Dimana pada pasal 35 Ayat 1, disebutkan melakukan penambangan pasir pada wilayah yang apabila secara teknis, ekologis, sosial, dan atau budaya menimbulkan kerusakan lingkungan dan atau pencemaran lingkungan dan atau merugikan masyarakat sekitarnya.

“Dalam Pasal 35 aturan itu, jelasnya, telah dilarang melakukan penambangan pasir, karena hal itu dapat merusak ekosistem perairan. Pengerukan pasir pantai yang diduga ilegal merupakan tindak pidana, bukan aduan. Sehingga kami mendesak aparat hukum memprosesnya,” tegasnya.
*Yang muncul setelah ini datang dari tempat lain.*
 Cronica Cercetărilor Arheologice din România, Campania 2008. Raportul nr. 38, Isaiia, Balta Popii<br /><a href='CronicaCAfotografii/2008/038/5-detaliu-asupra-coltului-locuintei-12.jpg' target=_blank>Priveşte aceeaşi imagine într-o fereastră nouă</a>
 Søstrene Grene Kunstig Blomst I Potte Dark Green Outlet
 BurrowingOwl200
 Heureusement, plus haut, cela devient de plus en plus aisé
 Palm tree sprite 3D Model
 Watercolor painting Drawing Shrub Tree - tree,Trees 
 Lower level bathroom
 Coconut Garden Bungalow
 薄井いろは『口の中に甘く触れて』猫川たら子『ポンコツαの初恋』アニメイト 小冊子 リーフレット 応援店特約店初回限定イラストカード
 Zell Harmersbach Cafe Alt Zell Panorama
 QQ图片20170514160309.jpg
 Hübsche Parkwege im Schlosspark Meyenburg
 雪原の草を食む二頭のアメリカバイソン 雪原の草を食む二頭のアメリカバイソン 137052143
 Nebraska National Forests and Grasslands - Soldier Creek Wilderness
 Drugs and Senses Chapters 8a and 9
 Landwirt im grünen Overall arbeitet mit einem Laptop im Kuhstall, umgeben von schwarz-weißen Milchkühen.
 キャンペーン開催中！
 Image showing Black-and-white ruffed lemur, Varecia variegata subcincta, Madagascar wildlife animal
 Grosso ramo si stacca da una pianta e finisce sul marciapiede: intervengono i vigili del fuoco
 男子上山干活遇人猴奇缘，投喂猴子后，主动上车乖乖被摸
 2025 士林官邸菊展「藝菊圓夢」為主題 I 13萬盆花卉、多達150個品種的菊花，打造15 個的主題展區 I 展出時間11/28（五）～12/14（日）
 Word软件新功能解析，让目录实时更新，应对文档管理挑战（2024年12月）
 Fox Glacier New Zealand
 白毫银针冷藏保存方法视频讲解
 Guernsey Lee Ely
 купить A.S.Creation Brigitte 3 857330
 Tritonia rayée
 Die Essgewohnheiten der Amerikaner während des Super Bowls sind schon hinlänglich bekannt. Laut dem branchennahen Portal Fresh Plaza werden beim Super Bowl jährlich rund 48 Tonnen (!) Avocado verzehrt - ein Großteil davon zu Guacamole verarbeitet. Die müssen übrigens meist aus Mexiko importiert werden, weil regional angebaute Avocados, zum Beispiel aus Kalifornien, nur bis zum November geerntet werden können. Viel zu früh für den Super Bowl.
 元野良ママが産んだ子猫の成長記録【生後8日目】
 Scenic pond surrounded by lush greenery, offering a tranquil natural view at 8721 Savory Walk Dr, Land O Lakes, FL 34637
Jika kasus pengerukan pasir yang sempat menghebohkan warga Desa Teku karena menjadi polemik saat itu kini seolah didiamkan oleh aparat penegak hukum. Jika itu terjadi, maka bisa saja ada kesan pilih kasih dan melindungi sang pengusaha dari jeratan hukum yang sudah jelas melanggar undang-undang yang sudah ada.

Informasi yang berhasil dihimpun melalui masyarakat setempat, bahwa Rocky Martianus selaku pengusaha sirtu diduga telah melakukan aktifitas pengerukan pasir pantai menggunakan alat berat jenis excavator tanpa memiliki ijin atau dokumen pengolahan, sekitar bulan Juli dan Agustus tahun 2022 lalu.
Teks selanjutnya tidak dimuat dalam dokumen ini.